Consider Burj Khalifa.
It’s widely understood to be a triumph of architecture and engineering, for the most part due to its height and beauty.
I think so too, although I know nothing important about it. If I had an office on the 157th floor that was too warm or cold, the facilities manager might or might not agree with my assessment of the building – he might consider the HVAC system to be an engineering disaster, just as the network engineers responsible for cable management might or might not appreciate the provisions for cable runs and wiring closets.
Anyone working in the building will have yet another view of the situation, determined in part by the number of elevators, how they partition the floors, and their velocity.
The financial view? As it’s Dubai, the Leaning Tower of Pisa is probably an apt metaphor.
It’s easy to form a strongly held opinion when unencumbered by knowledge. The more you know about any subject, the harder it is to answer simple questions like, “Is it a good building or a bad building?”
Which is why a good book is a dangerous thing. Every time you read one, you lose a bit more of your belief in simple explanations and solutions.
Jason Meszaros, author of Interrogation of Morals, (2009), is CIO of a Minnesota state agency. The book has nothing to do with our trade, but since Jason is a CIO he’s one of us. You should read his book.
Most Americans have strong opinions about the wars in Iraq and Afghanistan; the morality and effectiveness of different interrogation techniques; the quality of our intelligence-gathering and the sorts of people involved; and of what we’re asking our soldiers to do there.
Jason served in Afghanistan as a reserve intelligence officer. He participated in interrogations, on-the-ground intelligence-gathering, and combat. The book describes his experience in vivid day-to-day detail, well enough that you get some feel for the live experience.
Having read this book, when you read, watch or listen to news reports and commentators discussing the war in Afghanistan, you’ll have a broader and deeper context to help you understand what’s going on.
And you’ll have an appreciation for what the members of our armed forces go through every day.
Highly recommended.
Also highly recommended is the next installment of Anita Cassidy’s Practical Guide series.
Co-authored with Dan Cassidy and titled A Practical Guide to Reducing IT Costs, it also make answering a simple question much harder. The simple question: “How can we reduce our IT spending?” Your new answer: “We have 58 short-term, 37 mid-term and 44 long-term opportunities to review. All but three will require a lot of work.”
(If you’re wondering, the three exceptions are: (1) Squeeze your vendors; (2) reduce unnecessarily high service levels; and (3) squeeze your vendors some more.)
What makes A Practical Guide so practical is that it goes beyond describing the cost-reduction opportunities themselves to provide guidance for what otherwise might turn into unintended consequences. Guidance on such details as the leadership, project management, and change management issues that will make the difference between good intentions and achieving lower costs and cost discipline.

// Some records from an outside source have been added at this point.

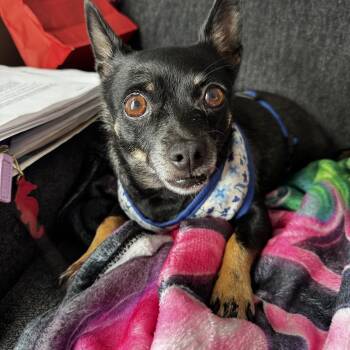 Lolabean -  Chihuahua Dog for Adoption in Alafaya, Florida - Lolabean | PetCurious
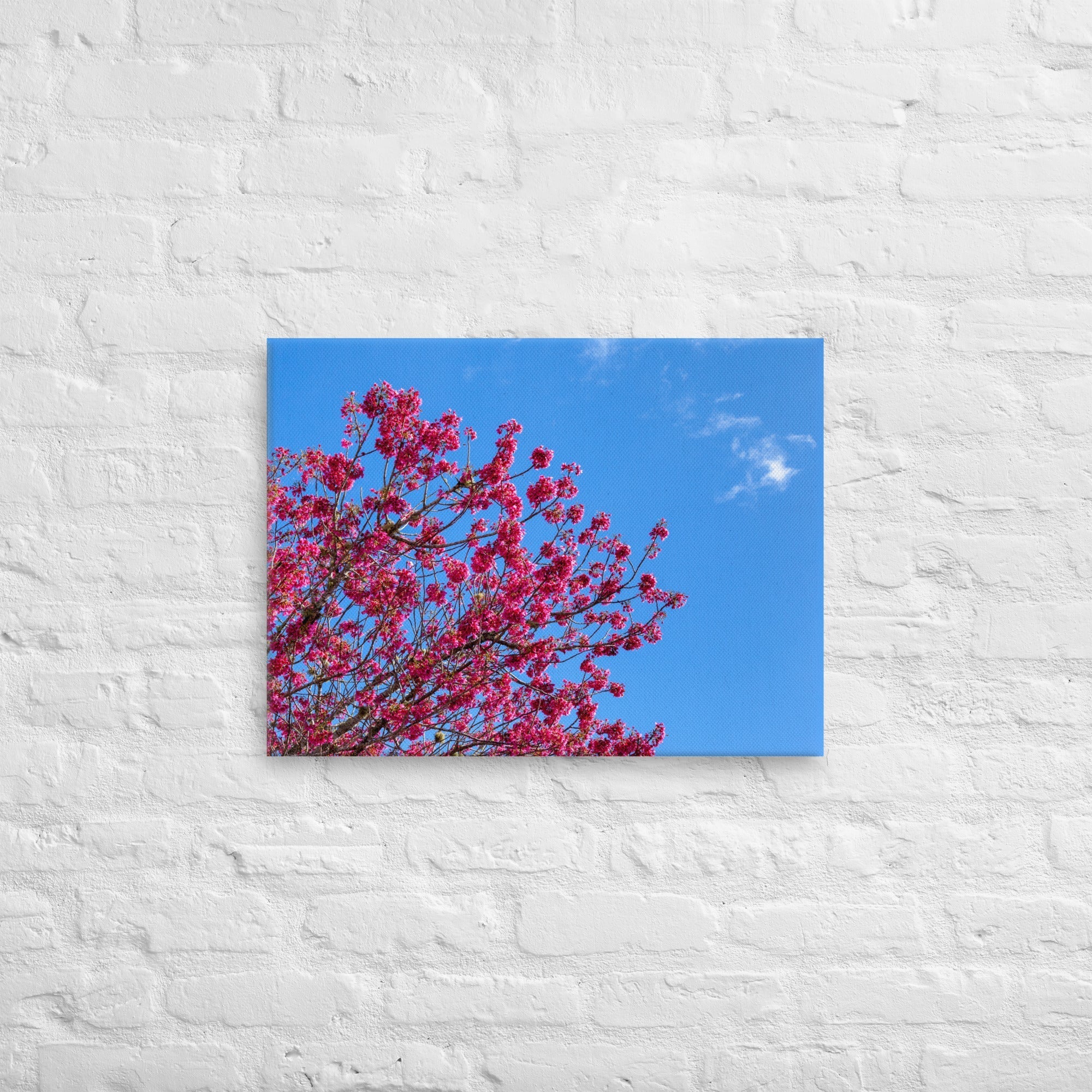 Kaipara Spring Blossoms Thick Canvas Print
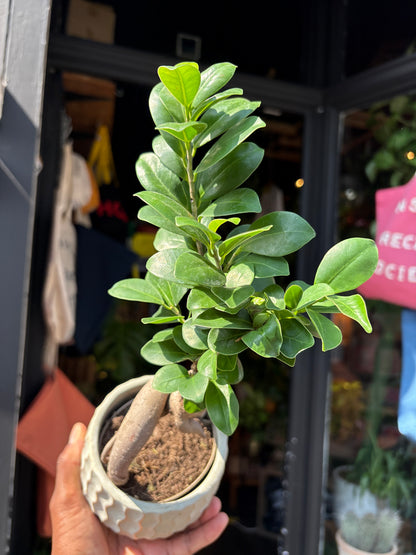 A Ficus Microcarpa Ginseng outside Urban Tropicana’s houseplant store in Chiswick, West London 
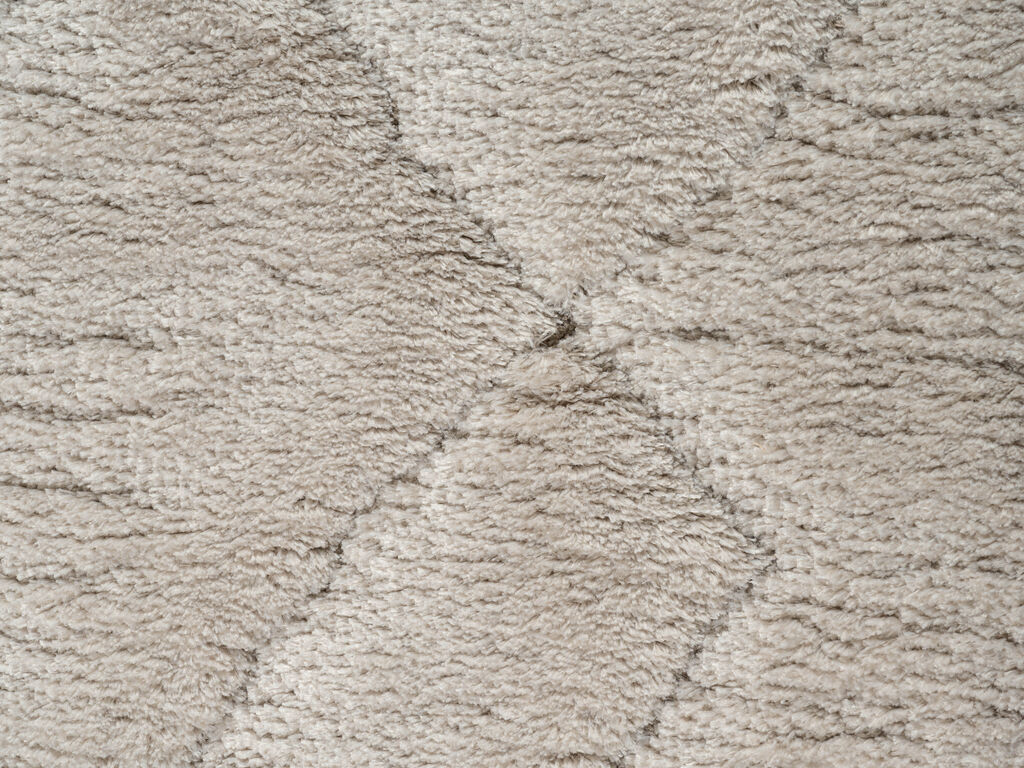 Vloerkleed Graaskena 290x200 cm - Afbeelding 2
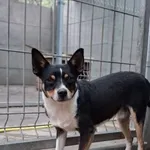 Ferdek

Given what you do for a living, you probably know a lot of what’s in this book. That isn’t the same as having a ready-made list of 58 short-term, 37 mid-term and 44 long-term opportunities, complete with explanatory information.
I’m a Kindle convert, especially when traveling. For the most part I forget it’s an e-book after a page or two. Not so with Unseen Academicals, Terry Pratchett’s new Discworld novel. Pratchett puts some of his funniest material in footnotes. In a physical book you read the footnote and chuckle. On the Kindle you move the (pokey) cursor to the asterisk, click, wait for the page to pokily change, and then read the footnote. It ruins the timing.
One advantage of (or disadvantage to) the Kindle is that it makes buying books way too easy. Which explains how I ended up owning Robert Cialdini’s Influence: The Psychology of Persuasion (2006). Read it and you’ll learning just how easily we’re all manipulated (example: If someone wants you to do them a favor, all they have to do is to do a favor for you first, unsolicited. Saying no after that is amazingly difficult.) It’s illuminating, depressing, and valuable, all at the same time.
But while the information is excellent and valuable, it would have been no less excellent and valuable, and just as complete, in half the space.
Scan Influence. The anecdotes and extended explanations are optional.
Business Agility by Hugos(a KJR recommendation)
Uniting the Virtual Workforce by Lojeski and Reilly
Bob – I think you book recommendations are ‘spot on’.
I have been meaning to tell you how much I liked a book that you recommended 2-3 years ago. Like some of these current recommendations, it does not address IT directly, but the reader takes away important concepts that apply to our profession. For the record, the book was ‘Collapse: How Societies Choose to Fail or Succeed’, and it was incredibly interesting. The implications for IT are important, although somewhat subtle. I am going to order at least one if not two of your current recommendations. Thanks.